> Instructions for the task
In the entries that follow, find the line containing "NGK イグニッションコイル U5568 3個セット" and the line containing "Official BTS 2020", then retype exactly the lines from the first through the second, pictures excluded.

> Data records
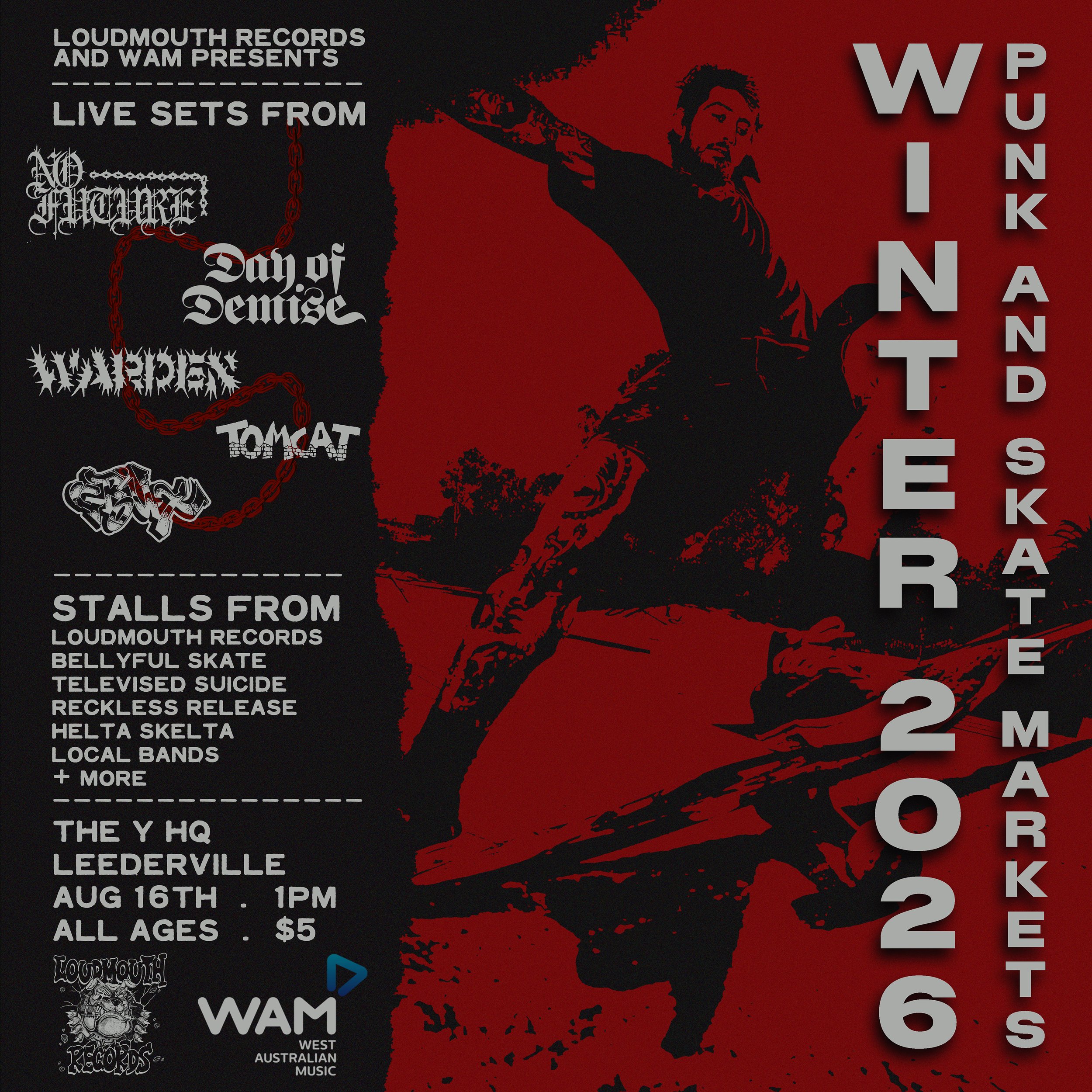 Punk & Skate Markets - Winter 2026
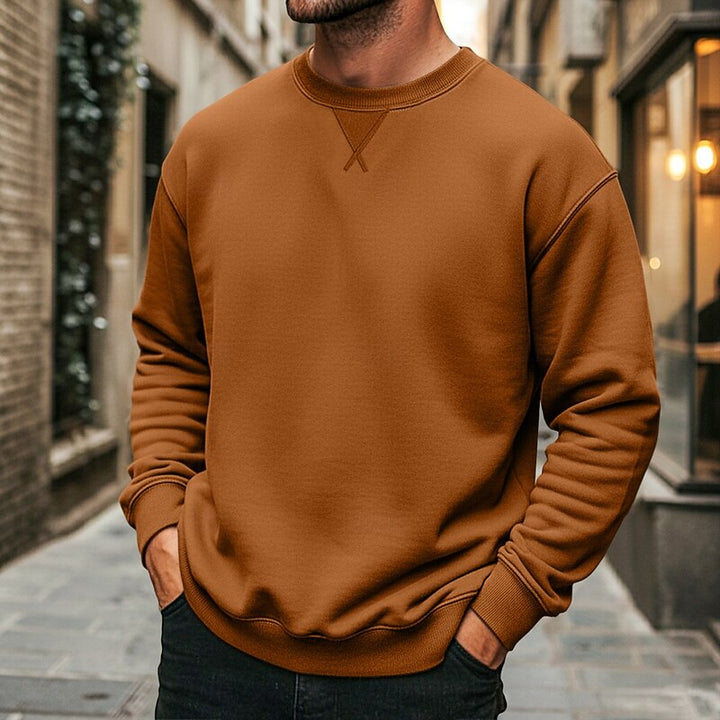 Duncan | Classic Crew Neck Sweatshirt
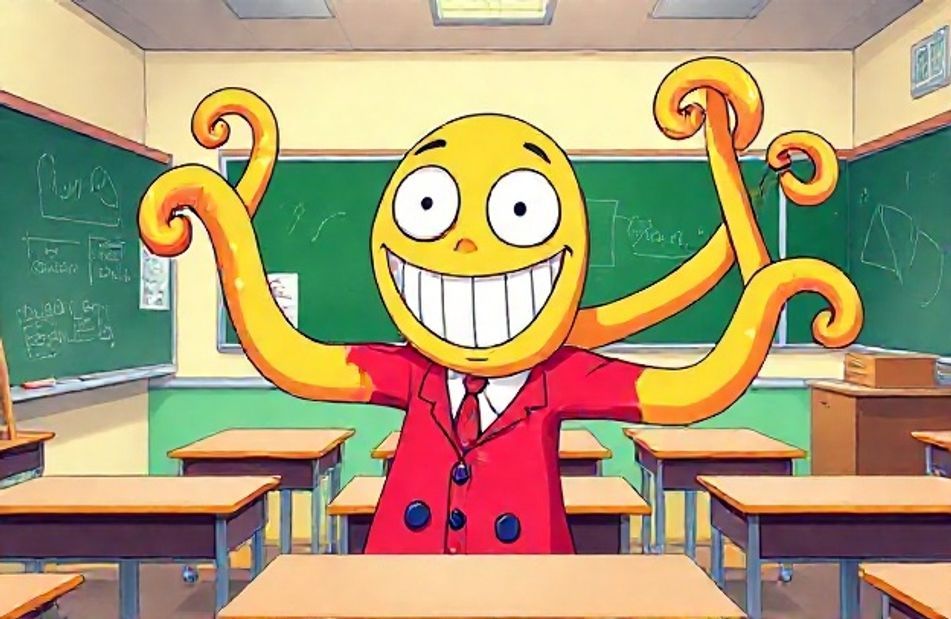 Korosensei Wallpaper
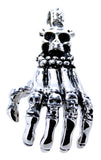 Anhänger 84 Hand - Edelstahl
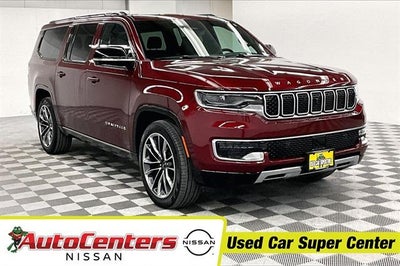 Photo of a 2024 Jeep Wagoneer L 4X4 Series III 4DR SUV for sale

---

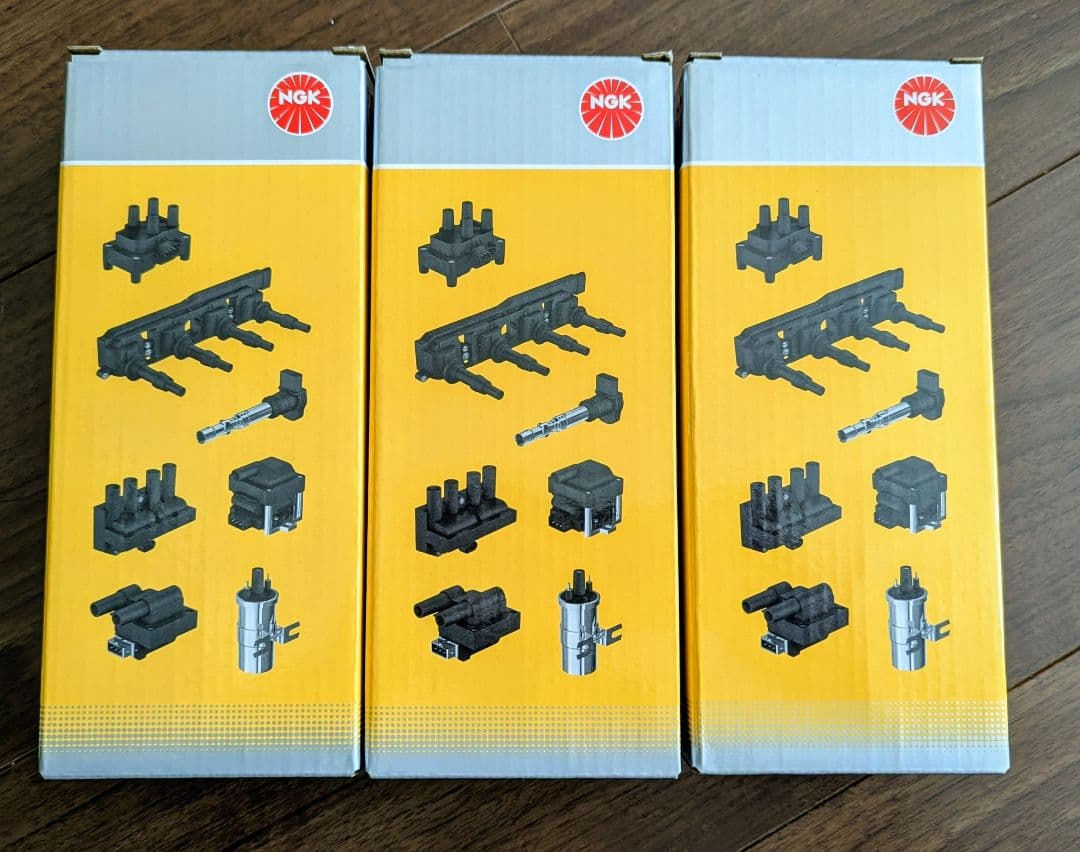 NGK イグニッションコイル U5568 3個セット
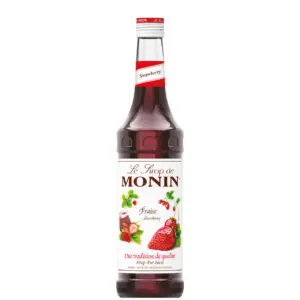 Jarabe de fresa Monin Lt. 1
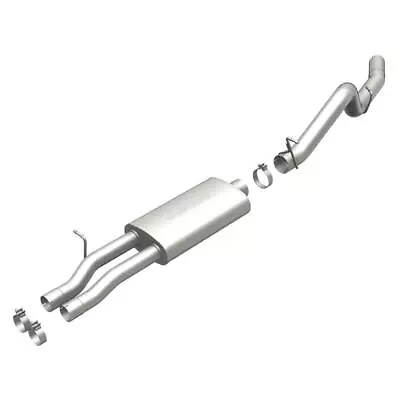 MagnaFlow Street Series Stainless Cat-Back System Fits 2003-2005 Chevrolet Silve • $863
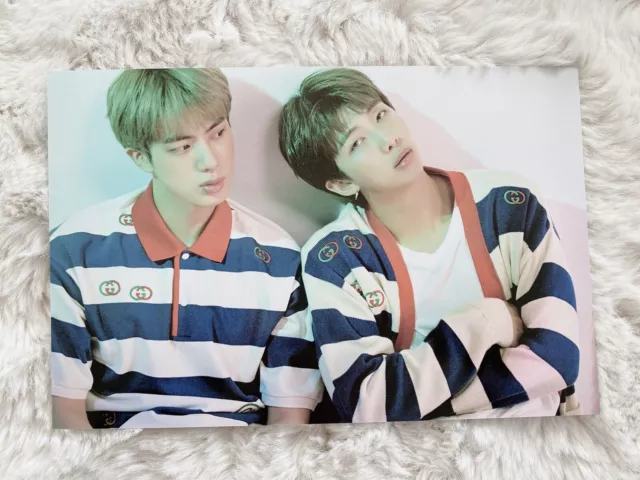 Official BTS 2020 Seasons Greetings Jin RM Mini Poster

> Written solution
 NGK イグニッションコイル U5568 3個セット
 Jarabe de fresa Monin Lt. 1
 MagnaFlow Street Series Stainless Cat-Back System Fits 2003-2005 Chevrolet Silve • $863
 Official BTS 2020 Seasons Greetings Jin RM Mini Poster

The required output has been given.